=== EXERCISE AIM ===
Skip the pictures, please, and write out exactly every line from the one containing "PALETLİ AMBULANS - 112" through the end of the listing below.

*** DATA FOR THE TASK ***

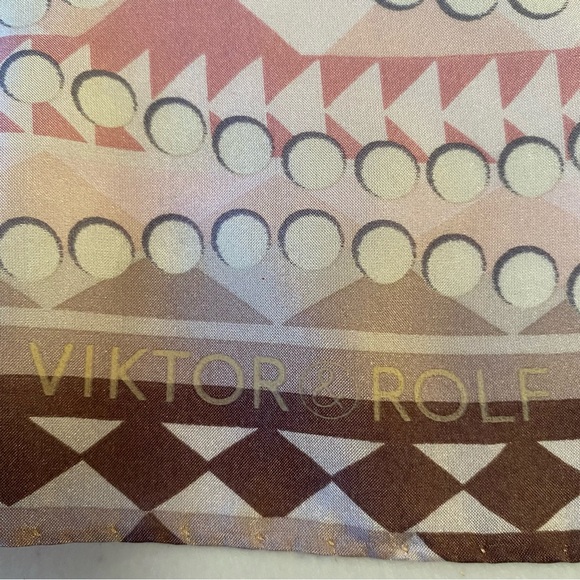 Victor&Rolf silk pink chocolate cameo print scarf - Picture 4 of 5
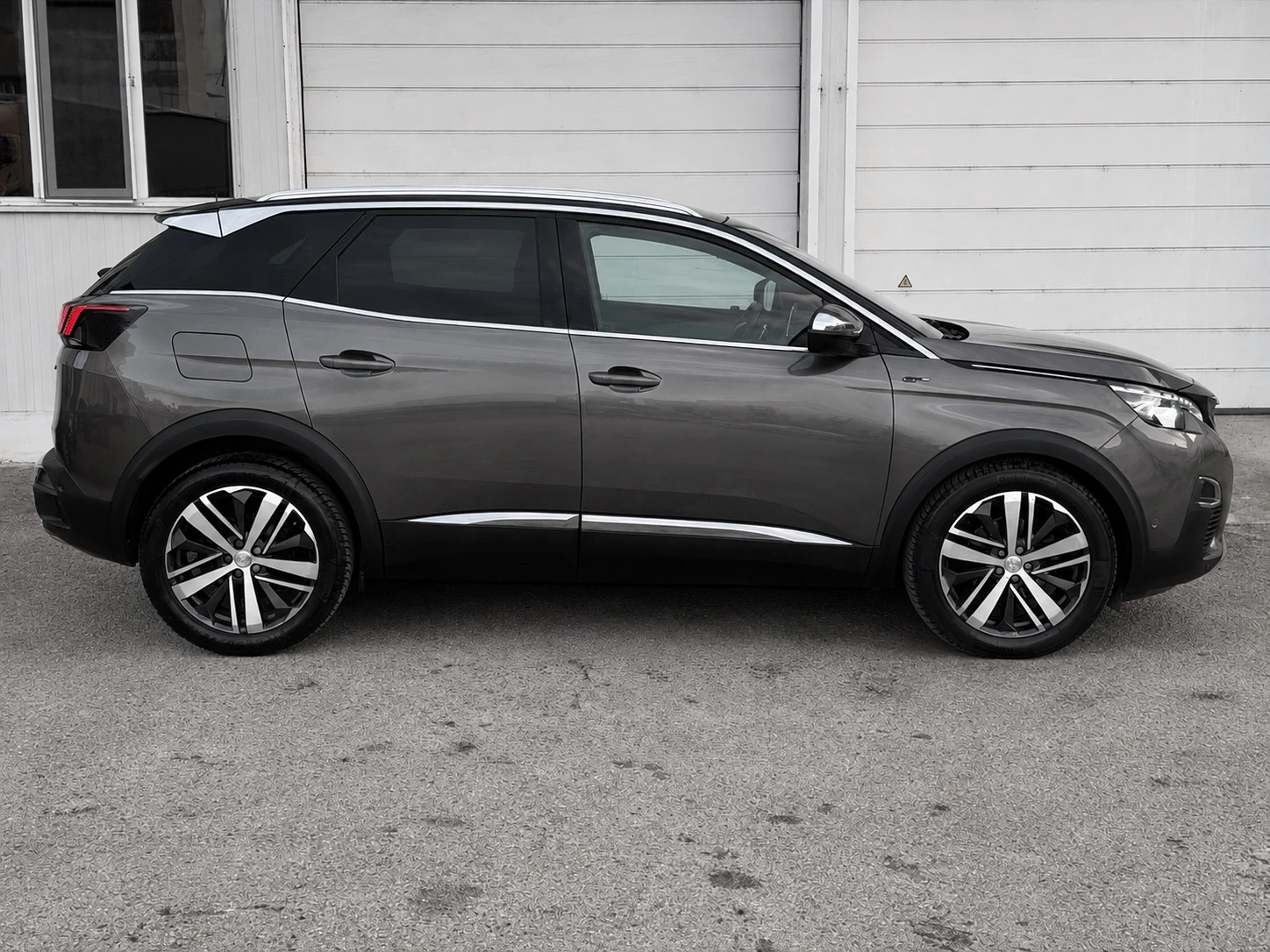 Peugeot 3008 2.0 Blue-HDi GT-Автомат-Дигитално табло-Лед-Пано, снимка 7 - Автомобили и джипове - 55547348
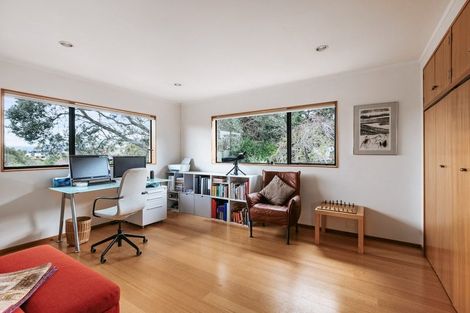 Photo of property in 96 Omokoroa Road, Omokoroa, 3114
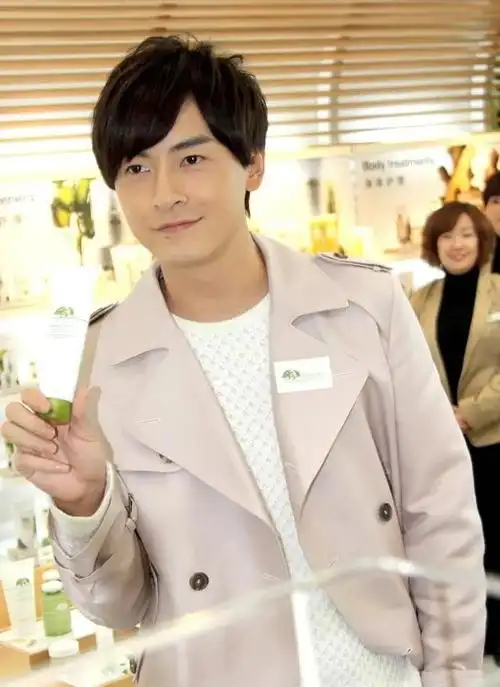 郑元畅依然保持迷人魅力,成为了不老男神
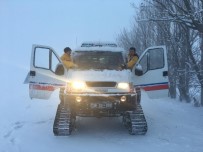 PALETLİ AMBULANS - 112 Ekipleri Yoğun Kar Yağışı Altında Hastaların Çağrısına Paletli Ambulansla Ulaştı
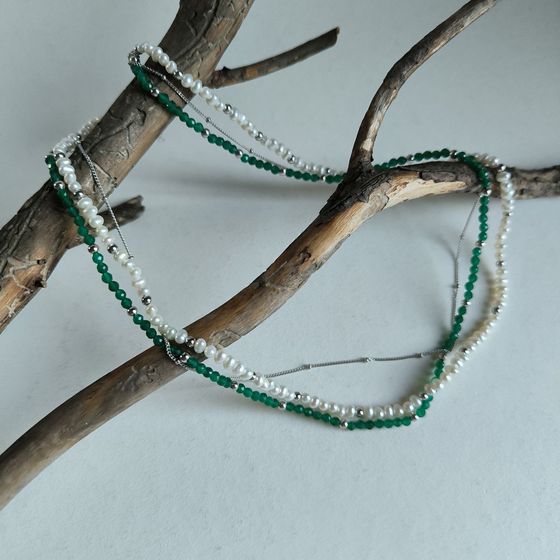 Серебряное колье с жемчугом барочным, зеленим жадеїдом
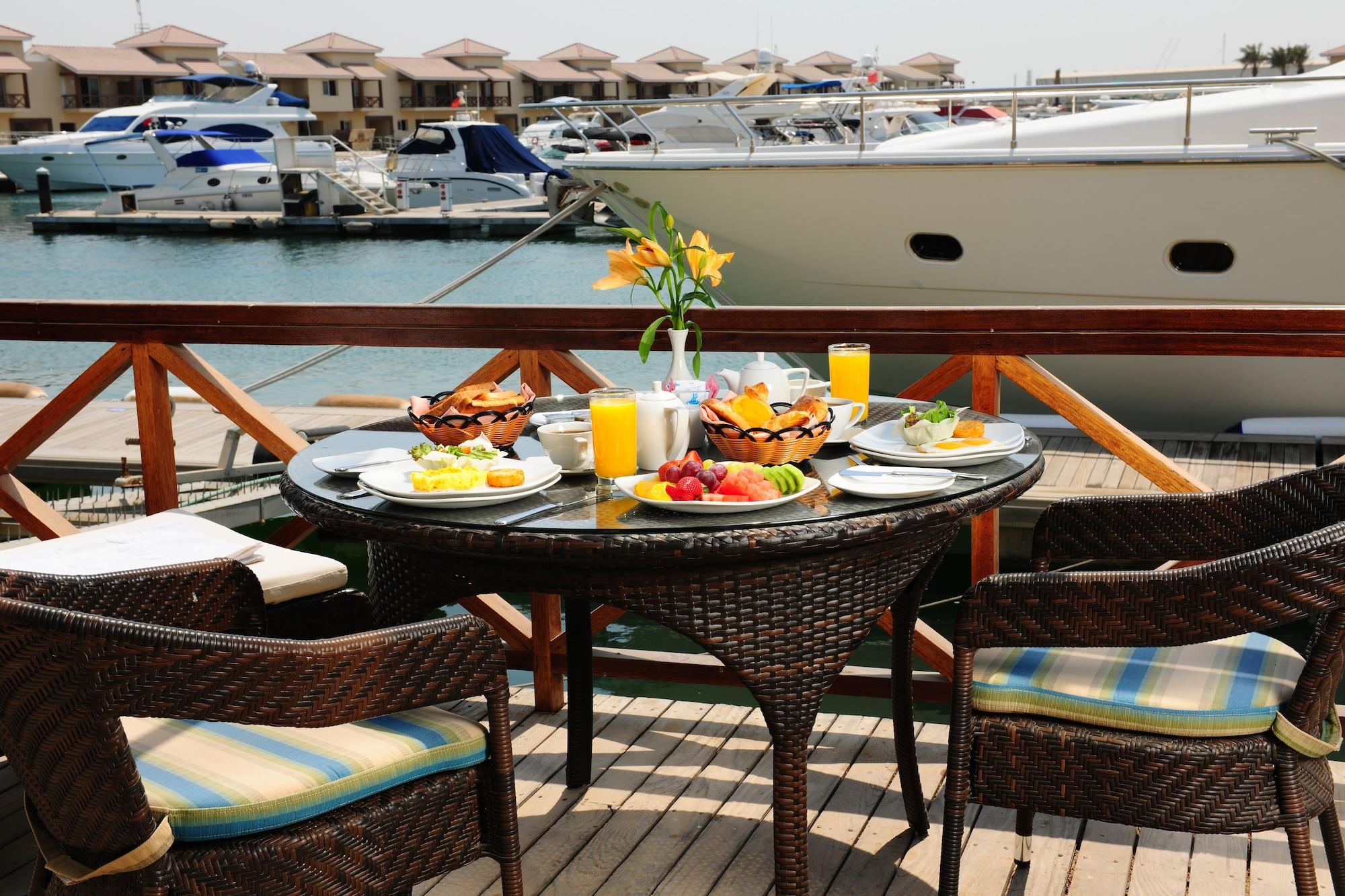Albander Hotel & Resort Sitrah Exterior photo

*** End of DATA FOR THE TASK ***

=== RESULT ===
 PALETLİ AMBULANS - 112 Ekipleri Yoğun Kar Yağışı Altında Hastaların Çağrısına Paletli Ambulansla Ulaştı
 Серебряное колье с жемчугом барочным, зеленим жадеїдом
Albander Hotel & Resort Sitrah Exterior photo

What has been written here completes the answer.